None of these can be described as progressive, with the possible exception of Le Reve, who is a course and distance winner, and has met Via Sundown twice this season, shaping better than him in the Hennessy and again at Ascot behind The Young Master, when he also had Ardkilly Witness in arrears. Lucy Wadham’s son of Milan may be close to his limit in handicapping terms, but he’s very reliable when given his conditions, and may well be able to win simply by running to his recent best in any case. He looks a solid each-way option in a race where a few are sure to disappoint.

It’s hard to be confident about a horse like Via Sundown given his propensity to clout more than the odds fence, but the upside of his patchy record of late is that he’s been given a chance by the handicapper, and he was still close up when eventually paying the price for his sloppy jumping at Kempton last time. That contest, won by Ardkilly Witness, was well contested, and sure to throw up winners, while fact he was soundly beaten in the Hennessy shouldn’t be held against him, as both Djakadam and Annacotty have shown in the last 10 days. Now 7lbs lower in the weights than when contesting the Newbury feature, he’s certainly on a winnable mark, and there is some hope that he’ll show a little more respect for Sandown’s fences, as can be the case with careless jumpers.

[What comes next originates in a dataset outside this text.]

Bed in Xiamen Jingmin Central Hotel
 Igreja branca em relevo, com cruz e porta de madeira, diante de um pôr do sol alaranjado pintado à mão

Plenty will want to have Village Vic on side in this handicap after he shaped well returning from an absence at Ascot last month, but he’s rather a nervous sort, and never been one to hold his form for long, so I’m keen to take a contrary view here. Foxbridge is tempting, having scored in determined style here on his latest outing, and this lightly raced sort is almost certain to improve a fair bit further if standing training, but at forecast odds, I believe it’s worth taking an early price about As De Fer, who has been in the doldrums for a while, but is ideally suited by course and distance, and looks too well treated to ignore. It’s worth remembering that Anthony Honeyball has struggled with a virus for some time, but a recent double at Exeter suggests that a corner has been turned, and this is the time to be backing the stable’s runners.